── Dataset extract
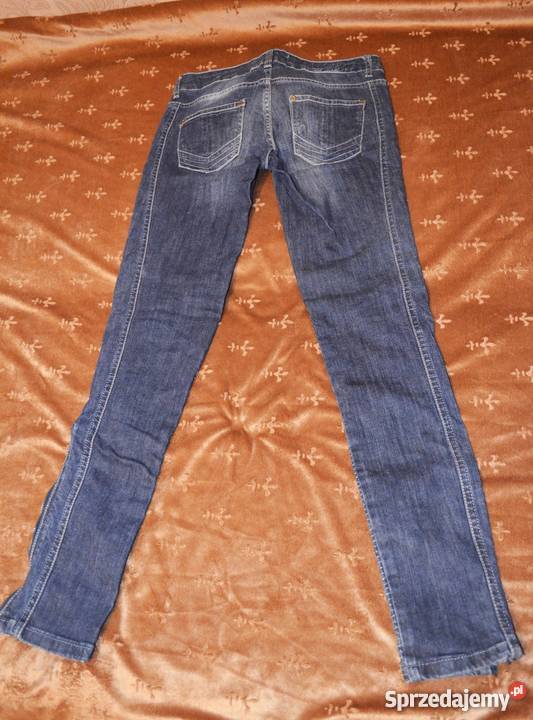 Markowe spodnie jeans PullBear niebieski Odzież damska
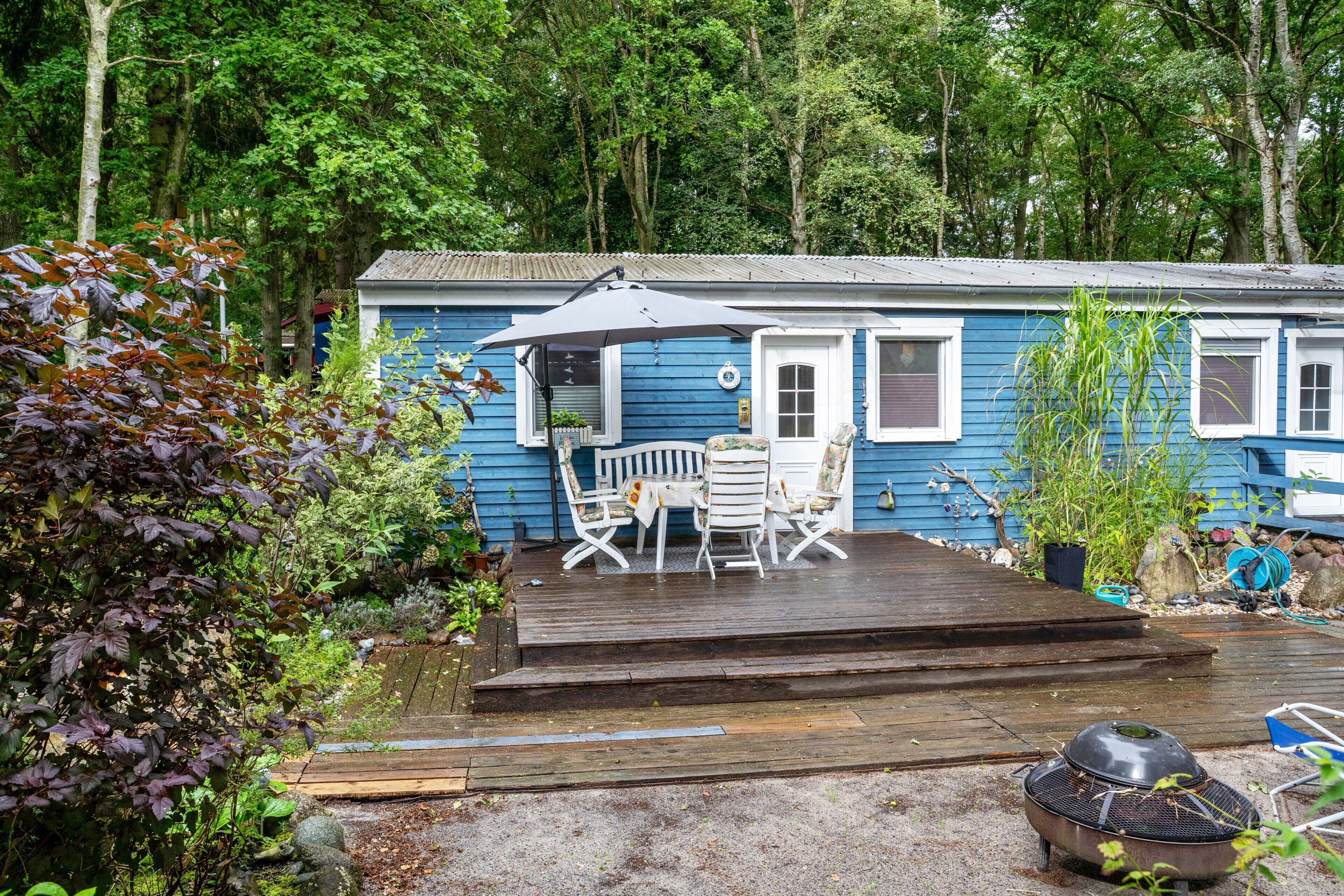 Une maison bleue avec une terrasse en bois, du mobilier d’extérieur et un jardin.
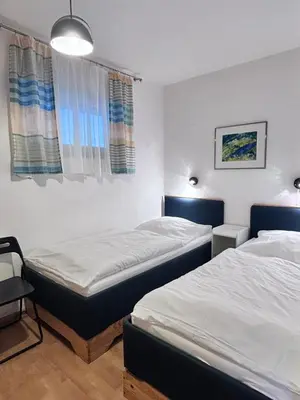 Ein Bett oder Betten in einem Zimmer der Unterkunft Haus Poseidon, Apartment POS07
────
Work to be completed
The response must repeat all the lines above exactly and include no pictures.

Task result
 Markowe spodnie jeans PullBear niebieski Odzież damska
 Une maison bleue avec une terrasse en bois, du mobilier d’extérieur et un jardin.
 Ein Bett oder Betten in einem Zimmer der Unterkunft Haus Poseidon, Apartment POS07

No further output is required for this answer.